Beth and I had a few days vacation in Taupo this past week.  We did the Tongariro Alpine Crossing, but that deserves its own post and we spent an afternoon on Lake Taupo yesterday.  Our day started a little slow as we did the Tongariro Alpine Crossing the day prior and had to catch a bus at 6:20 am.  We were pretty keen on doing some kayaking prior to coming down as the lake is pretty awesome and the weather cooperated as it was a balmy 6C (about 43 F) out.  We were helped out with this endevour by Laura at C&K Taupo, who delivered the sea kayak to Hot Spring Beach and then picked it up at the Taupo Yacht Club.  This is a service they typically don't offer, but as it is the slow season I think she wanted something to do.  After all we were the only kayakers on the lake.  We saw a couple fishing boats and a single sail boat.  We both wore our new macpac rain jackets and they preformed as I thought they would.  I've been pushing the gear now for about 7 weeks and I've only worn the merino wool, which I love.  The jackets kept the water out, granted it wasn't rain but splash, and they breathed really well as my shirt was dry even though I was putting in some good effort.

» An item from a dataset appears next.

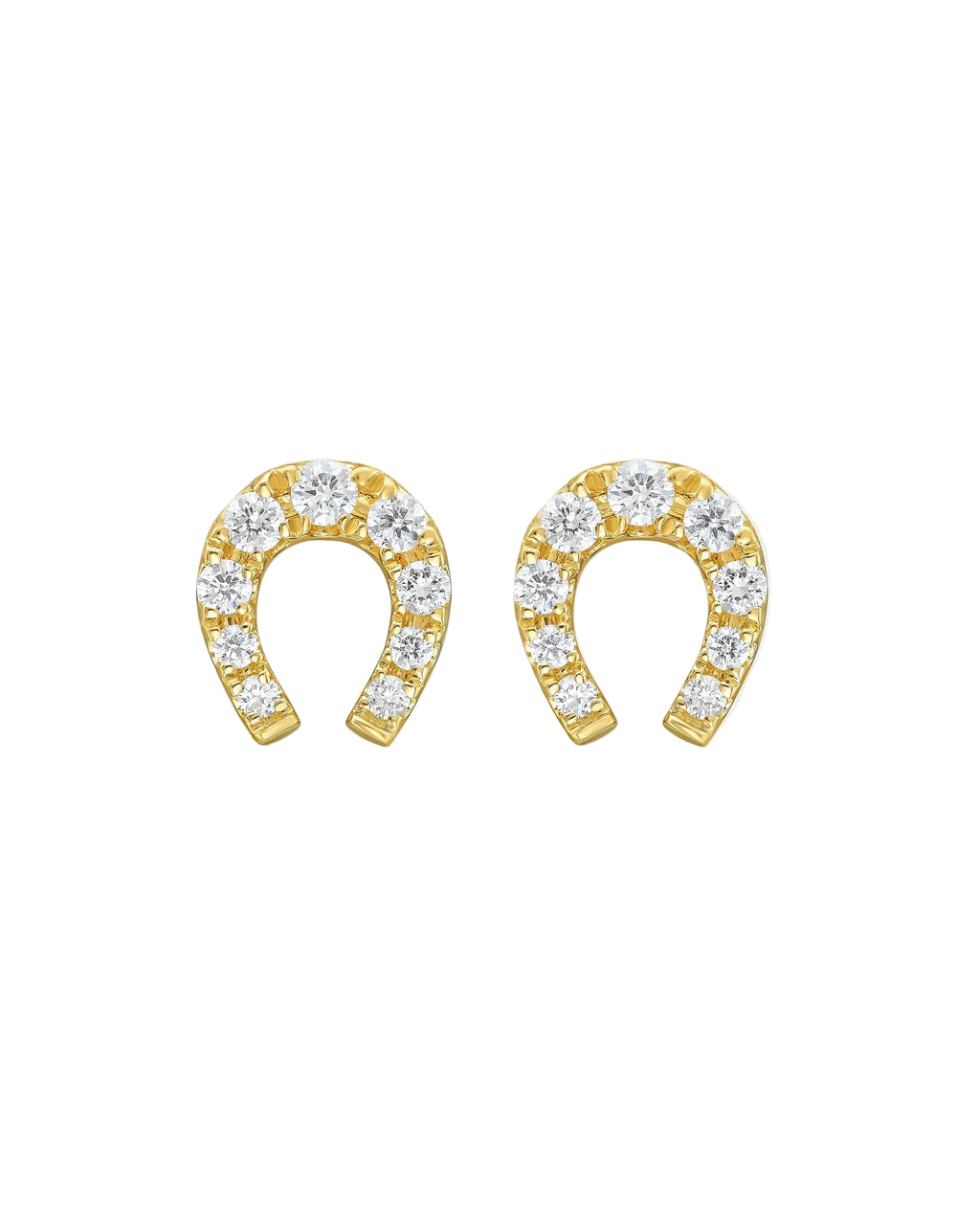 Legacy Diamond Horseshoe Earrings by Lionheart - At Present Jewelry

Point on the East Coast of the bay.
 Laura showed up at the appointed time to drop off the kayak and showed us all the stuff we would be sent out with; spray skirt, bilge pump, floatation device for paddle in-case we flipped the kayak, and PFDs.  I'm only a stranger to the floatation device that straps to the paddle to help flipping the kayak back over, but its pretty easy to understand.  However, flipping over in this cold lake would definately suck and getting this on would probably take some time.  She didn't hesitate to mentioned that the kayak was designed and made local to New Zealand.  I don't recall the brand, but its probably posted on their site.  The kayak weighed 20kg, which is about as much as our single recreation kayak back home.  That is pretty gnarly if you ask me.   The kayak handled well and had 2 dry container areas.  Important as I had my hiking boots with me.

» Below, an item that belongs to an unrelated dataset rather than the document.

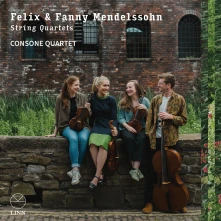 Consone Quartet, CD FELIX & FANNY MEND...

Opted for a bright color that could be used for sailing as well.
 After we donned the provided gear and got ready to push in, a local gentleman wondered over to tell us to be careful of the strong Taupo winds and then gave us a hand with pushing in.  We yelled our thanks and then proceeded to do our best to make some headway.  It was made difficult as I didn't put down the rudder and it was held firmly in place by a metal hook.  We must have looked like drunken pirates!  We paddled for a little ways down the coast before backing in and unhooking the rudder.  I'm pretty sure we were still being watched by the locals, but I didn't want to come back into the same place to get the kayak in working order.  With the rudder down, we proceeded to paddle around the east coast of the bay to a point that Laura told us about and then headed directly west to another point and then back to the yacht club.  We paddled for about 2.5 hours and covered approximately 16km. 

Some background info from wiki about the lake: largest lake by surface area in New Zealand and 2nd largest in Oceania.  You can see Lake Taupo from the Tongariro Alpine Crossing.  It is drained by the Waikato River (New Zealand's longest river) which the Huka Falls is on.  Taupo is home to Ironman New Zealand and Lake Taupo is home to the swim leg and there is 2 laps of the hilly area for the bike.  There is also the Lake Taupo Cycle Challenge, where you have 12 options to suit your pain enjoyment level.  There is the soft cheeks of 1 lap (160km) to the buns of titanium known as the Extreme Enduro, which consists of 8 (160km) laps!  Each lap has 1308m of climbing.  This ride starts at noon on Wed and while there is no cut-off the full event prize giving is at 6pm on Sat.  Who wants to start training for the November challenge?  From the organizers, the enduro is a challenge and not a race.